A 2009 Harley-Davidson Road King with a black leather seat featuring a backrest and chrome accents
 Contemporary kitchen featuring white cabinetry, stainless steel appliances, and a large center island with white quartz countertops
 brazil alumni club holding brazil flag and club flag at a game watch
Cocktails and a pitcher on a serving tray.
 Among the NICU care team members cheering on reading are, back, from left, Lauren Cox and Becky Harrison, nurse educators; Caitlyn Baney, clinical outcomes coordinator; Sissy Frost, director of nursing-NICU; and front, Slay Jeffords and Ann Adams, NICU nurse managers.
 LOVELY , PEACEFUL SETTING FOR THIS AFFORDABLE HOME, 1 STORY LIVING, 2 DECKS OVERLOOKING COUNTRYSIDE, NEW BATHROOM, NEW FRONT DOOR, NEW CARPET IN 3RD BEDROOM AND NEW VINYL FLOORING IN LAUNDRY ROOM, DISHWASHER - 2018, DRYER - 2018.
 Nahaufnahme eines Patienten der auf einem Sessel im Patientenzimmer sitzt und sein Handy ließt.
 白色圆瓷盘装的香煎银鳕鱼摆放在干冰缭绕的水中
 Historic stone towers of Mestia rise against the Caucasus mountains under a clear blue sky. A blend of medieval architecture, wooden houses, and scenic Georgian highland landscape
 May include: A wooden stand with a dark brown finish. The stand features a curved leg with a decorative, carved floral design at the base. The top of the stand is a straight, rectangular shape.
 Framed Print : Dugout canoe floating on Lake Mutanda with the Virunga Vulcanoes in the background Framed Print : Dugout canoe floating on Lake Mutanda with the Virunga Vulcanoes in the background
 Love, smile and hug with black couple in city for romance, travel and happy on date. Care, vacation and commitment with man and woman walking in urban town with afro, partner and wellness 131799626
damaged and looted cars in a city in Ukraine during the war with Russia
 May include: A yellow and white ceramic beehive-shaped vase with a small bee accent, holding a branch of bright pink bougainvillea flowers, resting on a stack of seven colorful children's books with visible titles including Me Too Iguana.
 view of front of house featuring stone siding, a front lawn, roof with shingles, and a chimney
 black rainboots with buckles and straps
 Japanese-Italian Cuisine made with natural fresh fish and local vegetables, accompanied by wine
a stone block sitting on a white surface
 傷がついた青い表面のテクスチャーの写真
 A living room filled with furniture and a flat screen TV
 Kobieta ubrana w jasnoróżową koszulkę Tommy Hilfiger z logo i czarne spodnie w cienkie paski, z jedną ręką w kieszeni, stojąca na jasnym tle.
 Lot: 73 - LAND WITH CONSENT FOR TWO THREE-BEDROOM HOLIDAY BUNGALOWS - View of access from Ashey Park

══════

PROBLEM STATEMENT
If a line comes after the one containing "白色圆瓷盘装的香煎银鳕鱼摆放在干冰缭绕的水中", leave it out; set down every line of the data before it, and that line itself, exactly.

YOUR SOLUTION
A 2009 Harley-Davidson Road King with a black leather seat featuring a backrest and chrome accents
 Contemporary kitchen featuring white cabinetry, stainless steel appliances, and a large center island with white quartz countertops
 brazil alumni club holding brazil flag and club flag at a game watch
Cocktails and a pitcher on a serving tray.
 Among the NICU care team members cheering on reading are, back, from left, Lauren Cox and Becky Harrison, nurse educators; Caitlyn Baney, clinical outcomes coordinator; Sissy Frost, director of nursing-NICU; and front, Slay Jeffords and Ann Adams, NICU nurse managers.
 LOVELY , PEACEFUL SETTING FOR THIS AFFORDABLE HOME, 1 STORY LIVING, 2 DECKS OVERLOOKING COUNTRYSIDE, NEW BATHROOM, NEW FRONT DOOR, NEW CARPET IN 3RD BEDROOM AND NEW VINYL FLOORING IN LAUNDRY ROOM, DISHWASHER - 2018, DRYER - 2018.
 Nahaufnahme eines Patienten der auf einem Sessel im Patientenzimmer sitzt und sein Handy ließt.
 白色圆瓷盘装的香煎银鳕鱼摆放在干冰缭绕的水中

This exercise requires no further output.